## WHAT TO PRODUCE
Could you retype the lines below, starting at the line holding "Manesty Tamping Roll | 6711680" and stopping at the line holding "rooze 2 j (12)", inclusive? Copy them exactly and drop the images.

## DATA EXCERPTS
_____
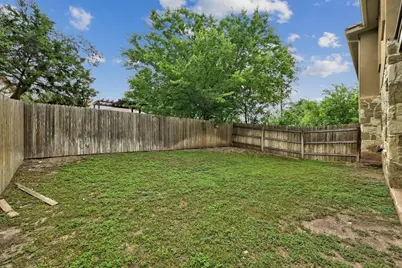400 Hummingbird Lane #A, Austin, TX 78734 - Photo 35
_____
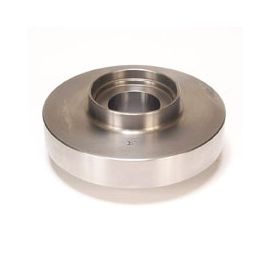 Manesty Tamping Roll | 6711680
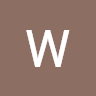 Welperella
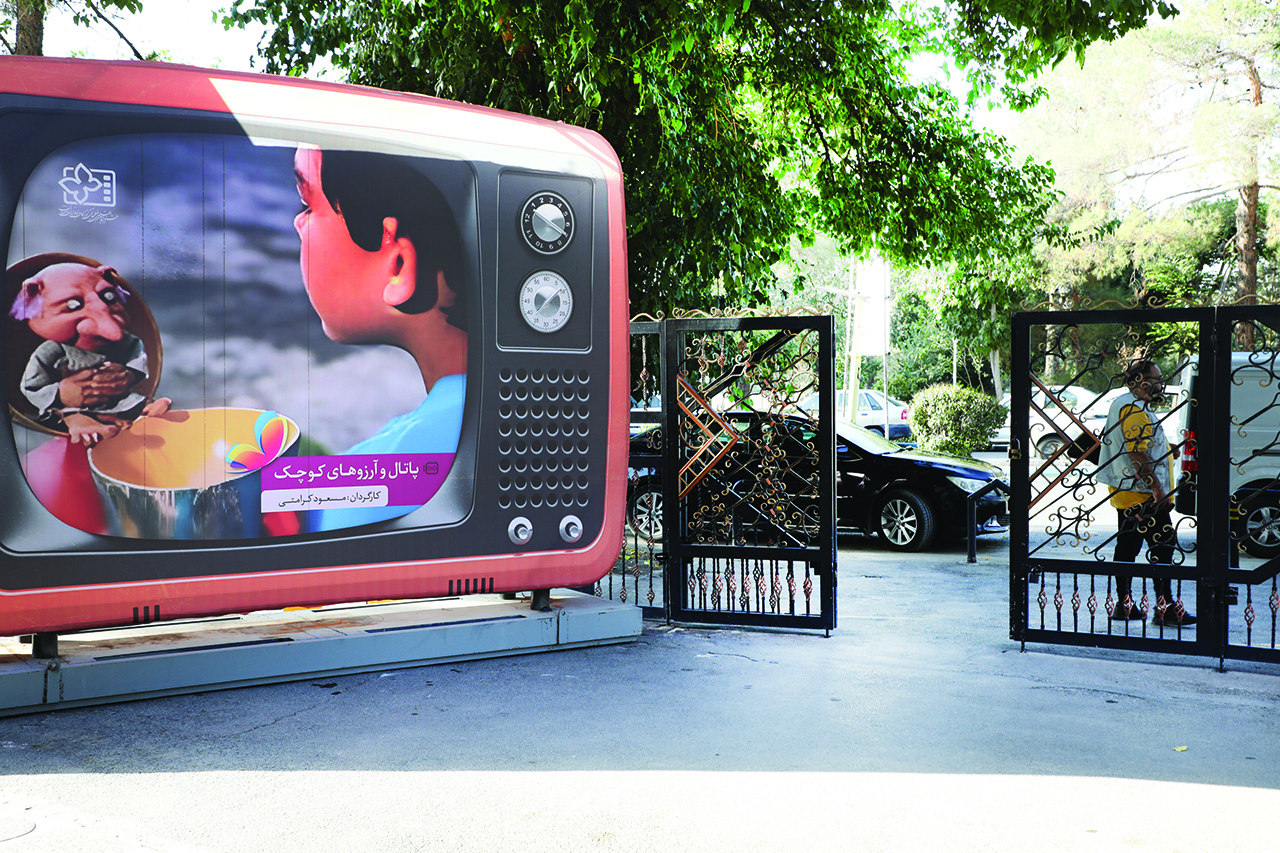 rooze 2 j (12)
_____
## RESULT OF THE TASK
 Manesty Tamping Roll | 6711680
 Welperella
 rooze 2 j (12)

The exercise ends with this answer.